Wang adds that the plan will be straightforward and is an effort to benefit a broader group of individuals and businesses. Once introduced, the policy will further cut corporate tax bills, especially for tech startups and small and micro enterprises.
“In the meantime, we will work with other government departments to improve the specific individual income reduction plan after seeking public opinion,” Wang says.
With the effects of the tax cuts predicted to set in during the remaining two months of the year, the total tax reduction amount is forecast to exceed 1.3 trillion yuan ($187 billion; 165.4 billion euros; £145 billion). This is expected to lead to a continued slowdown of tax income growth at a rate similar to annual GDP growth, he says.
Wang says such a proactive fiscal policy will continue into next year, since downward economic pressure on the world’s second-largest economy could rise. Overall tax cuts in 2019 are expected to remain steady and be no lower than this year.
Bai Jingming, vice-president of the Chinese Academy of Fiscal Sciences, says the next step for value-added tax reform is clear, and that is to further reduce VAT brackets from three to two.
“It will be introduced in the very near future,” Bai says.
He predicts that the upcoming tax cut effects from this measure could be even stronger than the results achieved so far this year.
“The taxation administration plans to elicit suggestions on lowering the corporation social security premium rate to ensure a real benefit to their operating costs,” Wang says.
For private companies facing financing difficulties, further tax policies could be introduced to ease their burden and some tax payments could be delayed.
In terms of supporting financial institutions that lend to small and micro enterprises, taxes on bank interest income and financing guarantee income will be waived, he adds.

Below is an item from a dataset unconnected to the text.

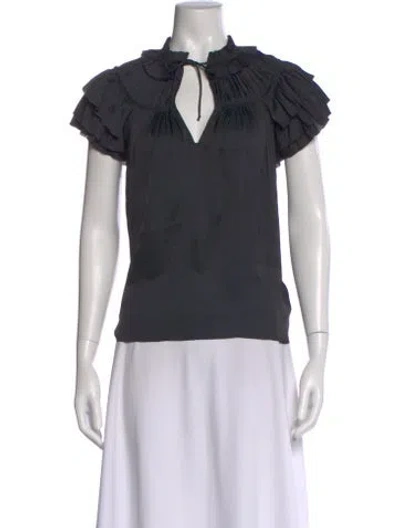 Pre-owned Ulla Johnson Tie Neck Short Sleeve Blouse In Gray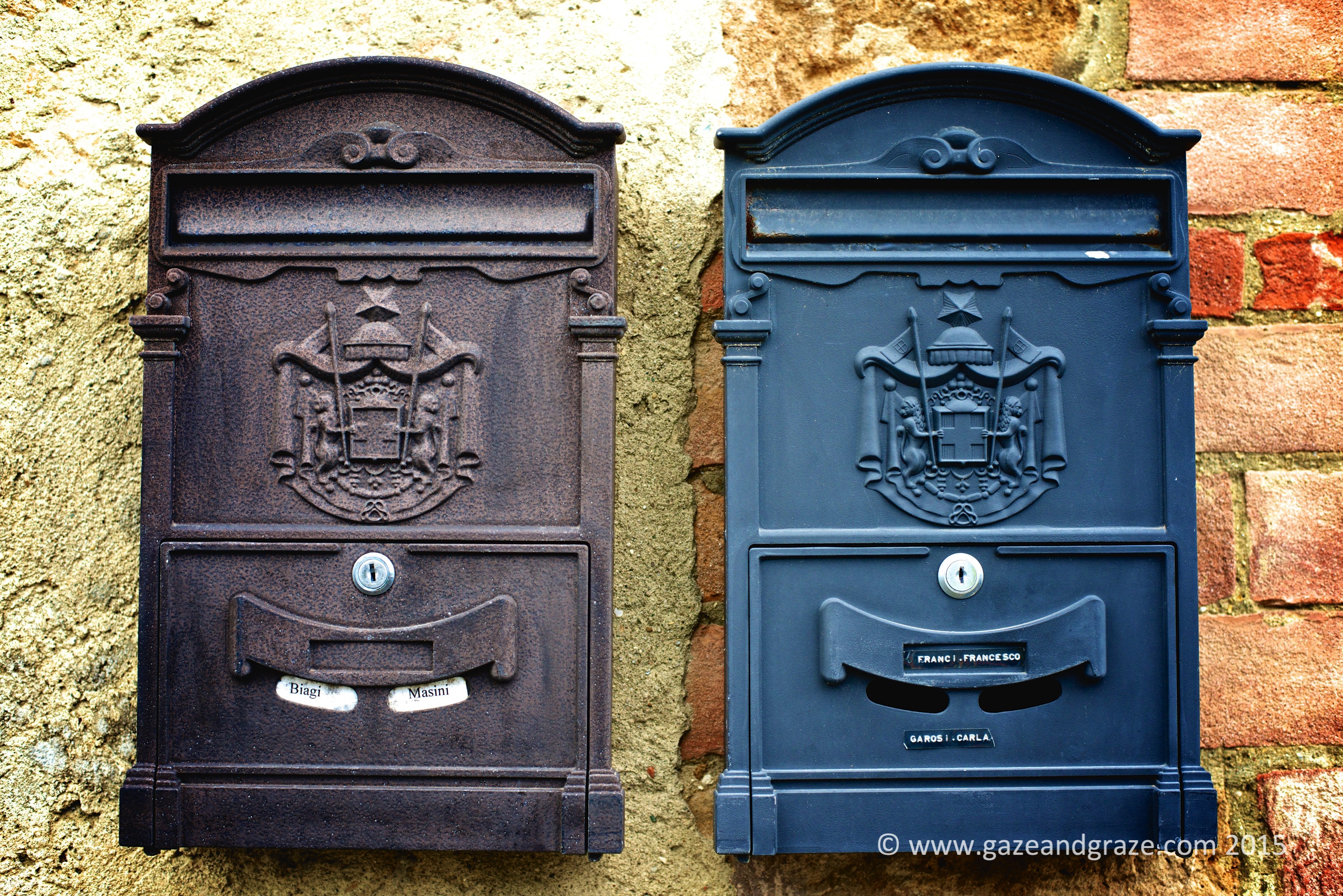 Mailboxes in Pienza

According to Wang, beneficial policies resulted in a total tax cut of 143.7 billion yuan for small and micro enterprises in the first three quarters of this year, up by 41.3 percent year-on-year. For 732 large private companies, under the SAT statistics system, tax cuts reached 71.4 billion yuan, up by 19.3 percent year-on-year.
Through the VAT reform, about 238.6 billion yuan in taxes had been reduced by the end of September, according to data released by the administration.
The tax cut policies mean the country’s fiscal revenue growth is likely to slow further in the fourth quarter and next year, says Wen Zongyu, director of the Finance Ministry’s Research Institute for Fiscal Science.